To do all this we need a few things.

• The instruction to call a subroutine is bl. The b is the same as the branch instruction, and the l is for assigning the return address to the link register, lr, which is just another name for x30.
• The instruction ret takes whatever is in the link register, lr and jumps to it.
• In the simplest form the convention is to have parameters in the registers x0 to x7, and a return value in register x0.
• Convention also: the values in some registers are not expected to survive the subroutine, x0 to x7 (and a few more), and some are expected to survive, x19 to x28.
• If a subroutine calls another subroutine the link register in the first will need to be stored somewhere and later restored.

It is complicated, and there is more to the story, like using the stack. We may look at that later.

First we need to play with the simplest subroutine we can imagine: add one to a register. Place the following code after the code that stops the program:

inc1:   add x0,x0,1
        ret

Just make sure it is not executed in the normal flow of the program. Now call it when you have a known value in x0, and before you print the value:

        bl inc1

Check the value actually has increased by one. Then change your code to call it twice, and check.

Print hex-value in a subroutine

We have one parameter, the number to be printed. In our example it is already in x0. So we move the 20-some lines of code that prints the hex value down near the inc1-subroutine:

phex:   movz x3,16
        adr x2,message

again:  ror x0,x0,60
        and x1,x0,0xF
        cmp x1,10
        bge isAtoF
        add x1,x1,48
        b  done
isAtoF: add x1,x1,55
done:   strb w1,[x2]
        add x2,x2,1

        subs x3,x3,1
        bne again

        mov x0,1
        adr x1,message
        mov x2,17
        mov x8,0x40
        svc 0
        ret

And we also added a ret. Registers x0, x1, x2, x3 and x8 are used, and changed. We may do that by convention. Actually x8 hasn't been mentioned as such - need to investigate.

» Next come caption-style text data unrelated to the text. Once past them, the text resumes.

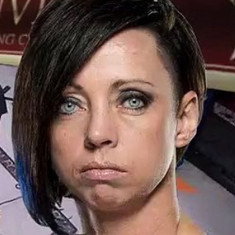 Shannon Sinn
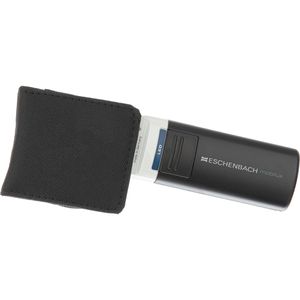 Produktbild für Lupe Eschenbach mobilux LED, mit Licht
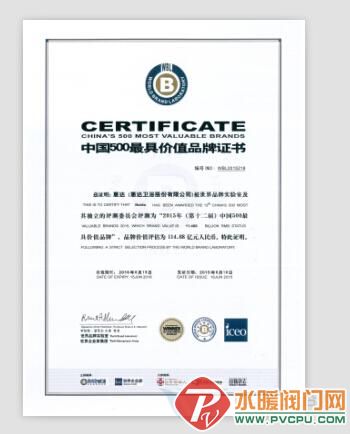 中国卫浴网
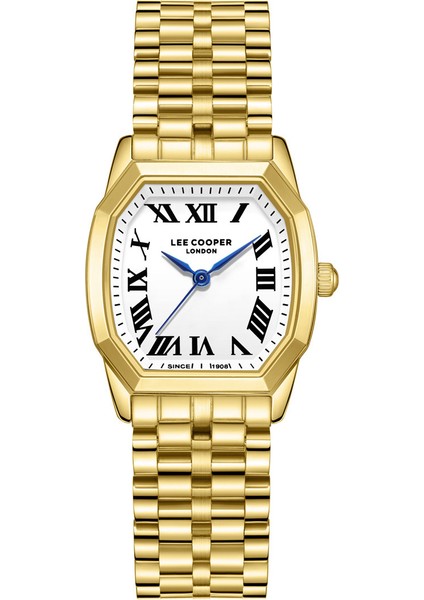 LC08201.130 Kadın Kol Saati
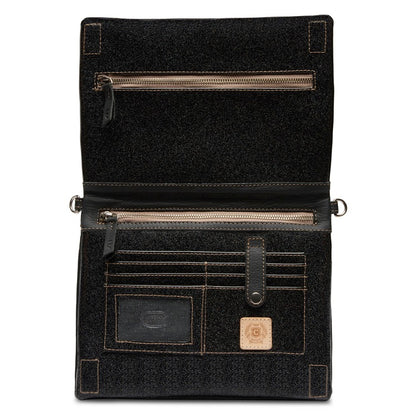 Consuela METRO Sidney CROSSBODY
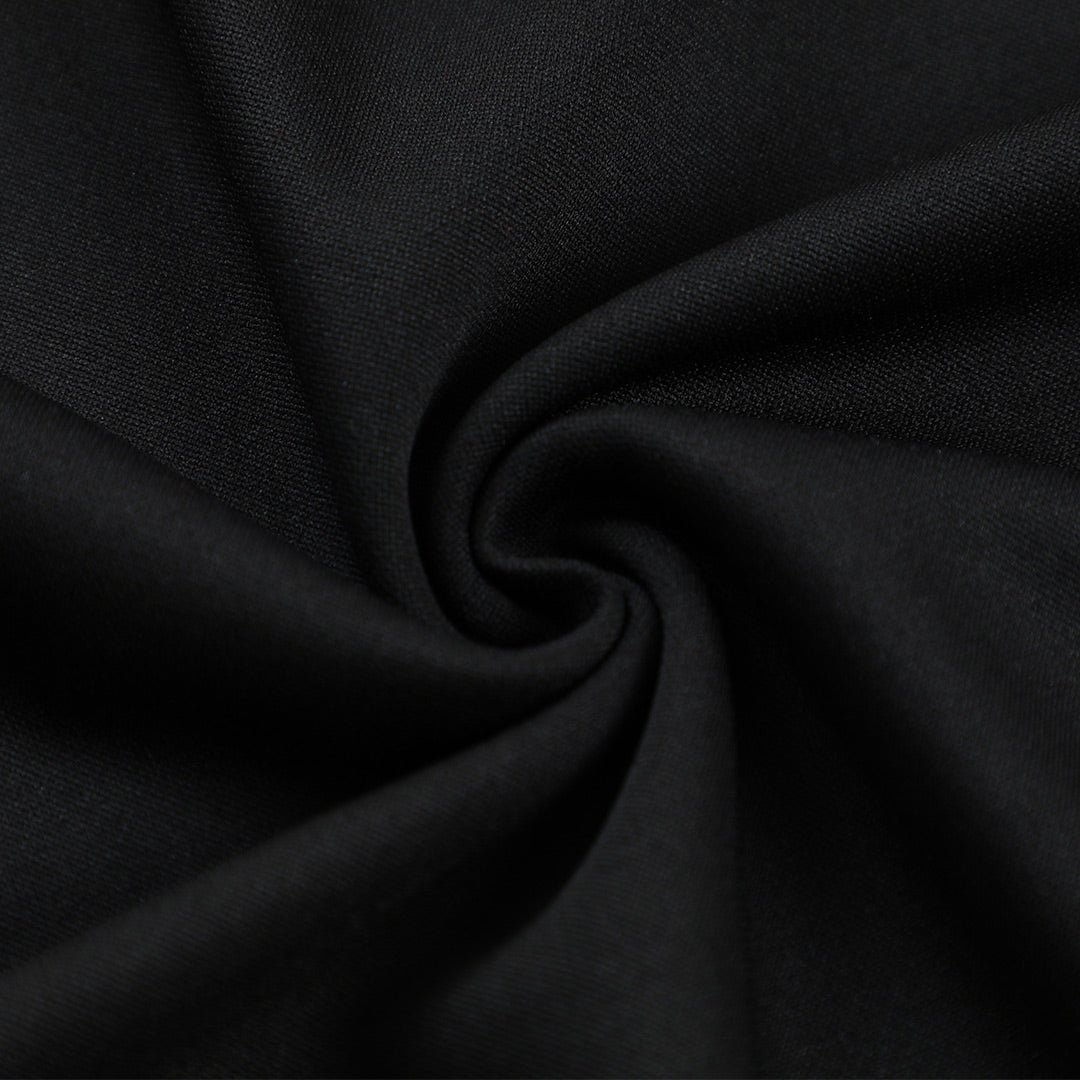 Conjunto Infantil de Entrenamiento Germany 2026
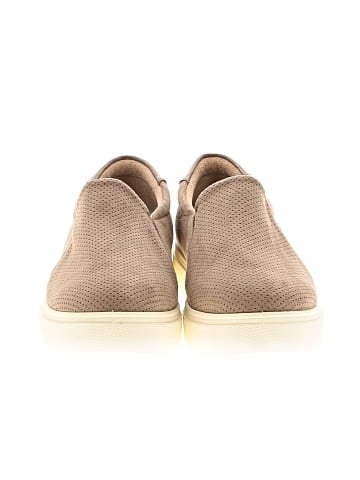 Dr. Scholl's Sneakers (view 2)
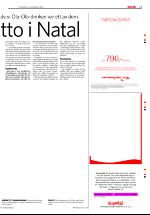 dagbladet_onsdag-20051123_000_00_00_013.pdf
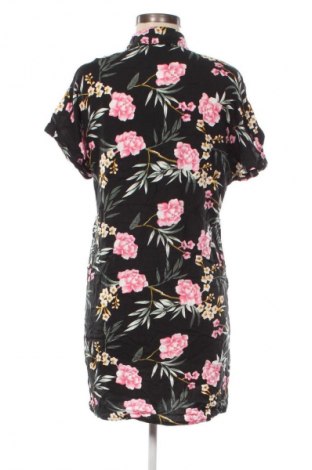 Kleid Vero Moda, Größe S, Farbe Mehrfarbig, Preis 24,99 €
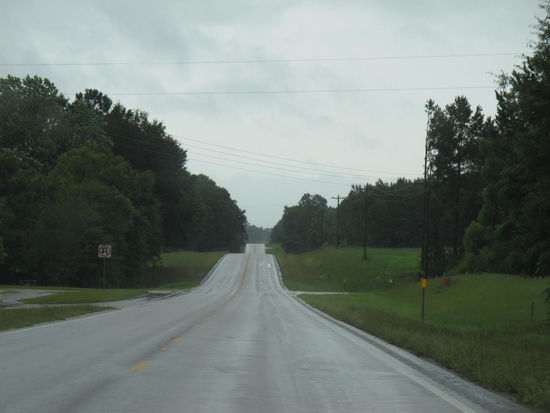 Es war mal weng heller 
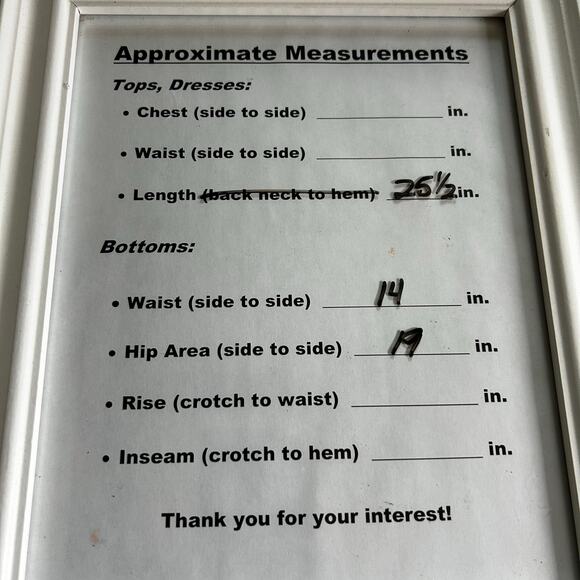 Max Mara Skirt Size 6 Gray Wool Blend Basic Classic Minimal Designer Lined - Picture 8 of 8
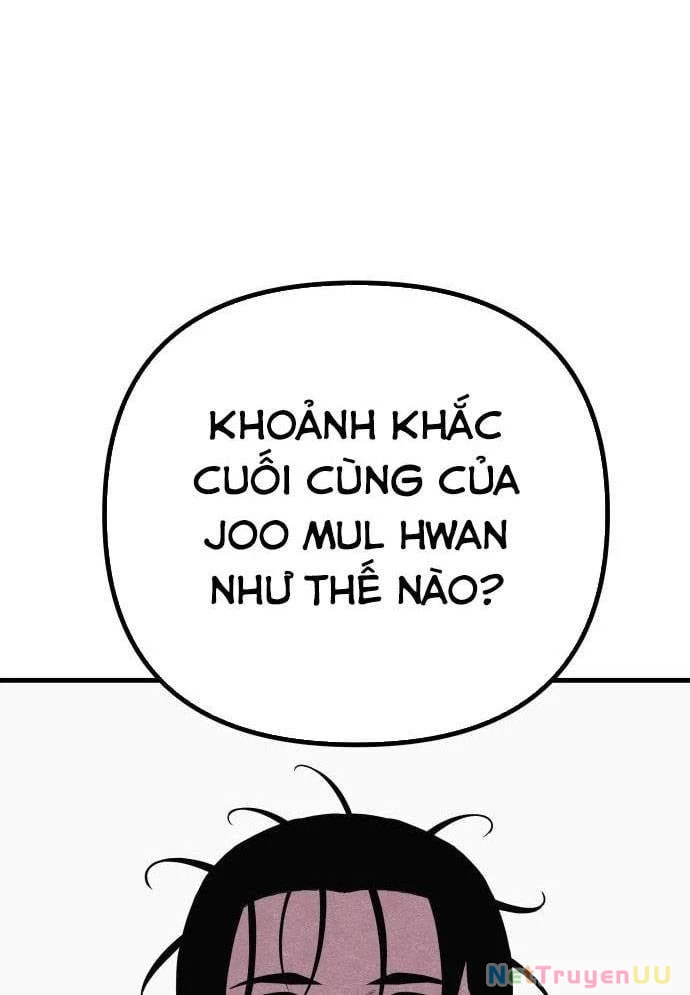 Xác Sống Và Sát Nhân Chapter 51 - 118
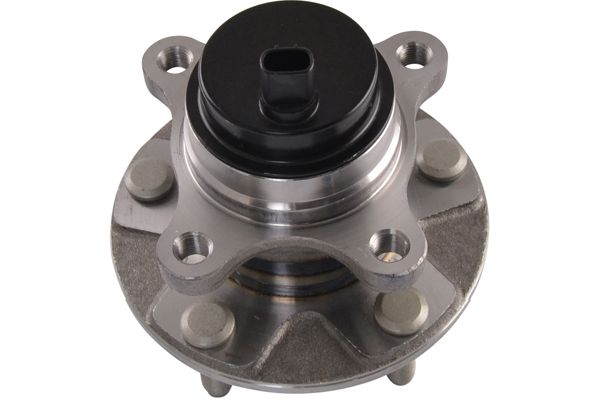 Zestaw łożysk koła KAVO PARTS WBH-9051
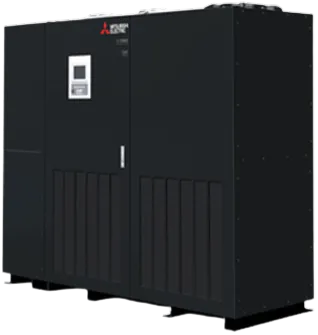 Nos dedicamos a la comercialización de equipos de aire acondicionado de precisión y sistemas de energía ininterrumpible UPS, así como servicios de ingeniería para el desarrollo de proyectos, instalación y mantenimiento preventivo y correctivo de los mismos.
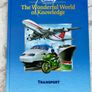 Disney - The Wonderful World of Knowledge Image 7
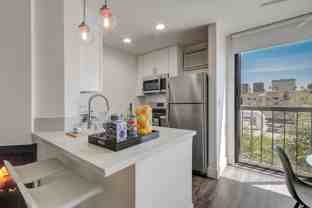 Kingsley Tower Apartments - Photo 1 of 1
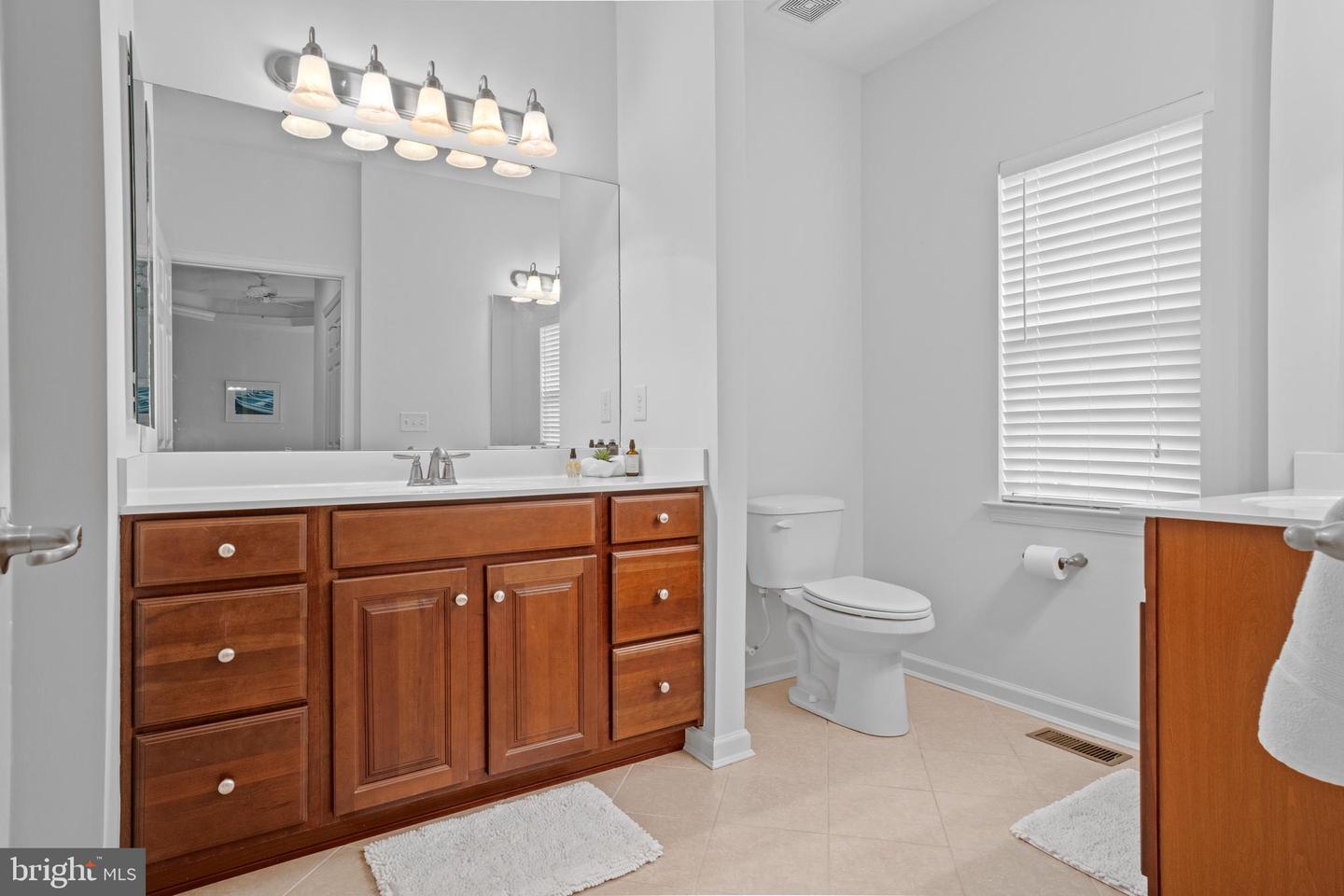DESU2080650-804234838080-2025-10-10-14-22-56 20 Fairway Dr | Ocean View, DE Real Estate For Sale | MLS# Desu2080650  - Jack Lingo REALTOR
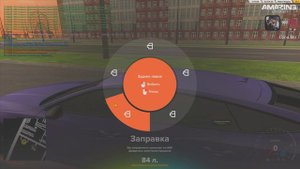 Fixed Gta Tokyo 2025.04.02 - 11.12.24.02.DVR - Trim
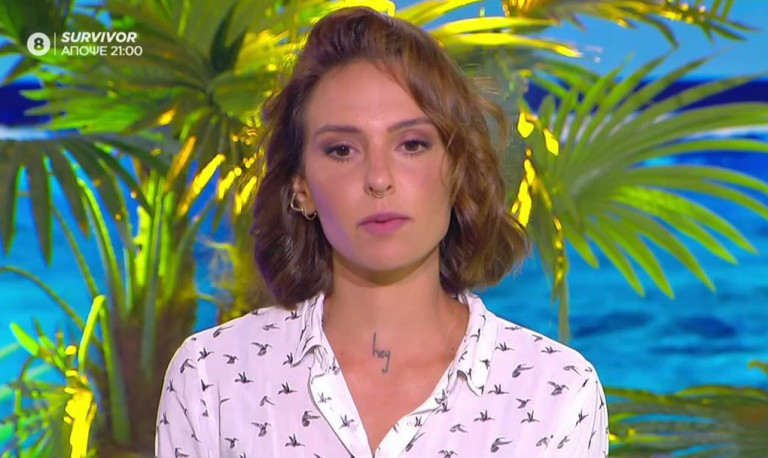 Survivor – Αποκαλύψεις από την Παρασκευή για τον στημένο αγώνα και τις οικειοθελείς αποχωρήσεις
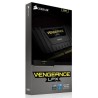 Memoria RAM Corsair Vengeance LPX CMK16GX4M2E3200C16 | 16GB DDR4 | DIMM | 3200 MHZ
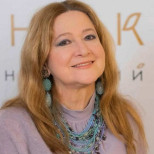 Астрологът Тамара Глоба даде прогнозата за АПРИЛ: ОВЕН, започвате на чисто! ТЕЛЕЦ, финансите се подобряват! КОЗИРОГ, важни избори!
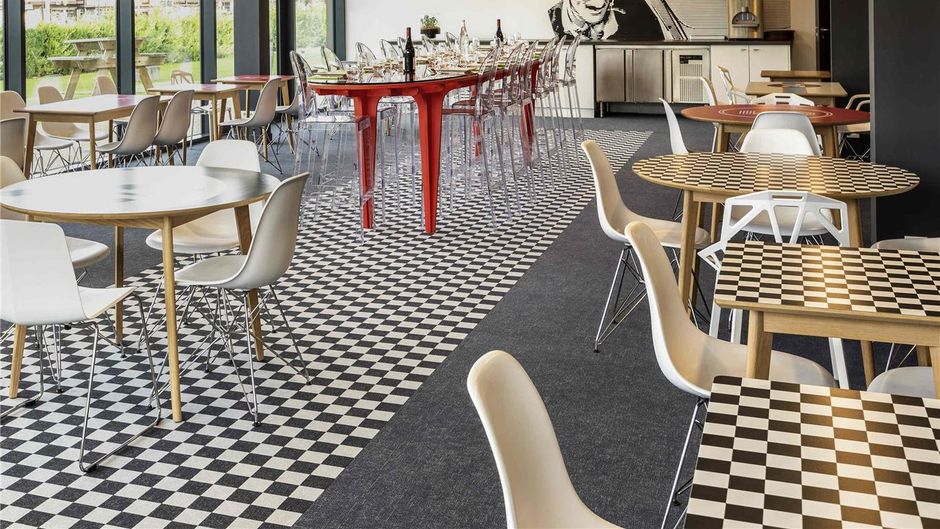 Hotel Ibis Styles Le Mans Sud Mulsanne Restaurant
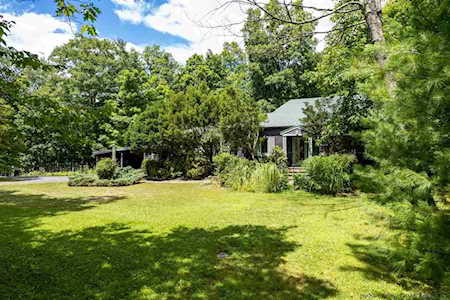 2060 Glasco Turnpike Woodstock, NY 12498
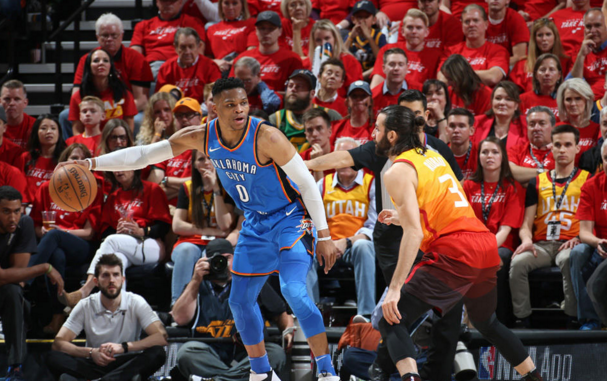 Kaiyun中国官网-印第安纳步行者围绕法甲扳平良机新奥尔良鹈鹕今晚手感冰凉，媒体一致点评：国际比赛日北京国安备战国王杯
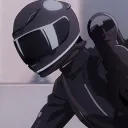 pohro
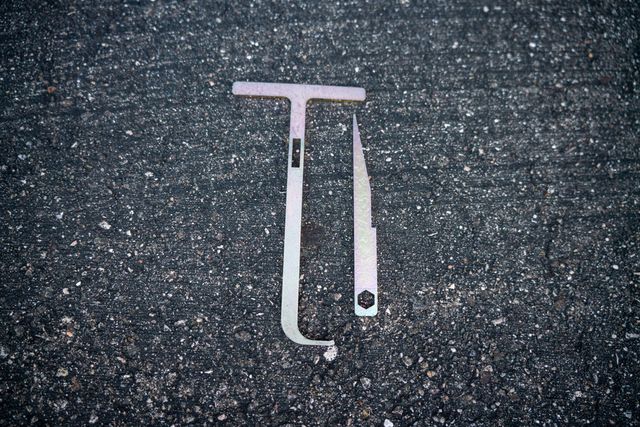 2025 Morgan Plus Four Brand New 2025 Morgan Plus Four! - 22913568 - 63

We call it in the place where we had the code before, like this:

        bl phex

And it prints the value in x0. Just for fun: call it twice:

        bl phex
        bl phex

Now that is a surprise: it prints 0000000000000011 the second time, and not the same value as the first. But I did tell you, didn't I. The value in x0 is not expected to survive a call to a subroutine. The 0x11 is decimal 17, and is the number of bytes printed.

We could save the value in x0 in a register, that by convention survives a call to a subroutine

        mov x19,x0
        bl phex
        mov x0,x19
        bl phex

Make a new subroutine: exit, with the code that stops the program from running. In this case we don't need a ret.

On the next page we will put the subroutines exit and phex in a separate file, and link them to our program in the assembly process.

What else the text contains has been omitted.